The Board of Directors expects that representatives of KPMG
Peat Marwick will be present at the Annual Meeting, will have the
opportunity to make a statement if they desire to do so and will
be available to respond to appropriate questions.
SHAREHOLDER PROPOSALS FOR
1996 ANNUAL MEETING
Any qualified shareholder who desires to present a proposal
for consideration at the 1996 Annual Meeting of Shareholders must
submit the proposal in writing to the Company. If the proposal is
received by the Company on or before November 28, 1995, and
otherwise meets the requirements of applicable state and federal
law, it will be included in the proxy statement and form of proxy
of the Company relating to its 1996 Annual Meeting of Share-
holders.
OTHER MATTERS
As of the date of this Proxy Statement, the Board of Directors
knows of no other business to be presented for action by the
shareholders at the 1995 Annual Meeting of Shareholders other than
as set forth in this Proxy Statement.
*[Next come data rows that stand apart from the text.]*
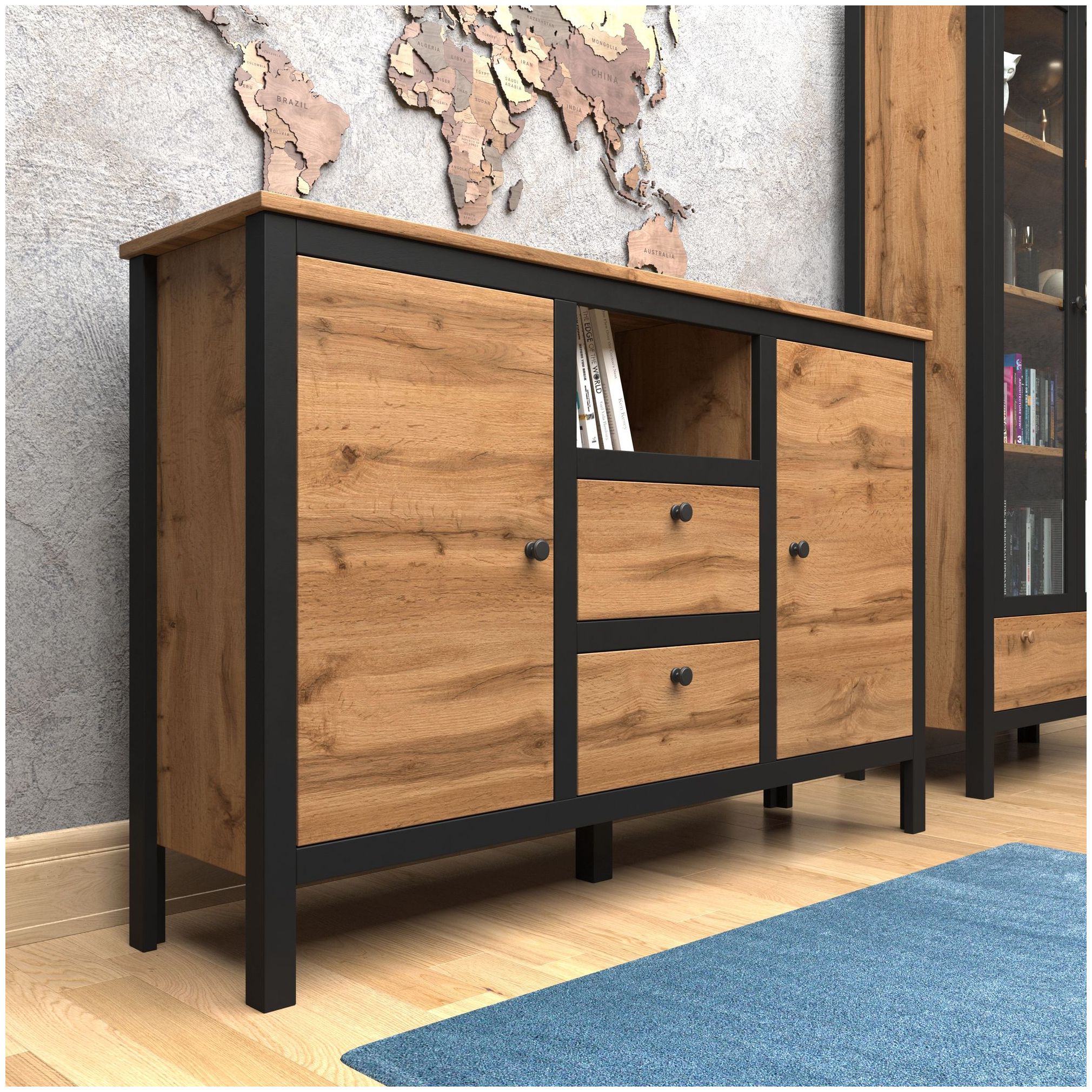 Картинка Лофт тумба KOM2D2S/150 интернет-магазин мебели FreeTime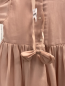 Preview: 2tlg H&M Kleid + Stirnband  Gr. 80  lachs mit golden Glitzer + Schleife 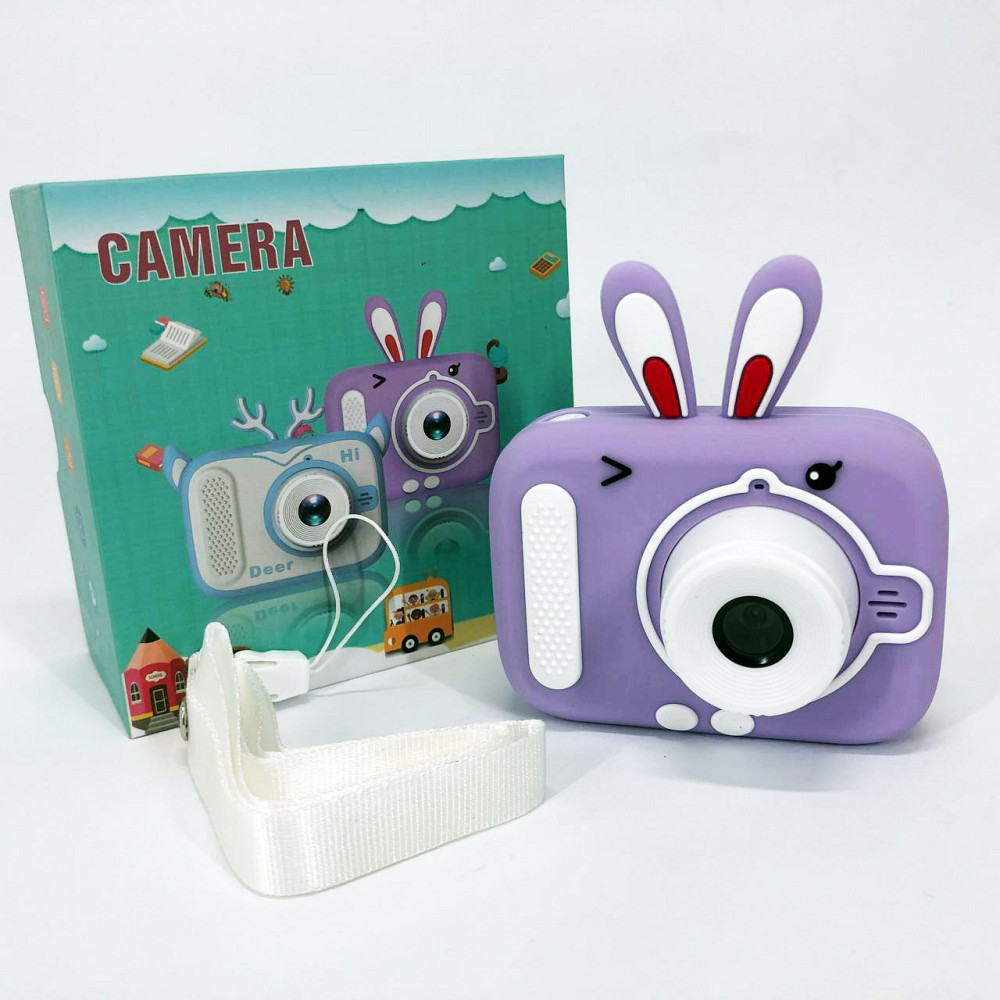 Детский цифровой фотоаппарат X900 Rabbit. Цвет: фиолетовый DJ-13 Львов - изображение 8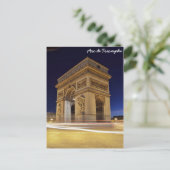 Carte Postale Arc de Triomphe, Paris, France (Debout devant)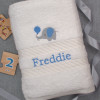 Childrens Elephant Towel Personalised Boys Towel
However, if any other matter
is properly presented at the Annual Meeting, or at any adjournment
or adjournments thereof, it is intended that the persons named in
the enclosed proxy may vote the common shares represented by such
proxy on such matters in accordance with their best judgment in
light of the conditions then prevailing.
It is important that proxies be completed and returned
promptly; therefore, shareholders who do not expect to attend the
Annual Meeting in person are urged to fill in, sign and return the
enclosed proxy in the self-addressed envelope furnished herewith.
By Order of the Board of Directors,
Gordon Zacks,
Chairman of the Board, President
and Chief Executive Officer
March 28, 1995
R. G. BARRY CORPORATION
13405 Yarmouth Road, N.W.
Pickerington, Ohio 43147
(614) 864-6400
PROXY STATEMENT
(2/95)
R. G. BARRY CORPORATION
PROXY FOR ANNUAL MEETING OF SHAREHOLDERS
TO BE HELD ON MAY 10, 1995
THIS PROXY IS SOLICITED ON BEHALF OF THE BOARD OF DIRECTORS
The undersigned holder(s) of common shares of R. G. Barry Corporation
(the "Company") hereby constitutes and appoints Gordon Zacks and Richard L.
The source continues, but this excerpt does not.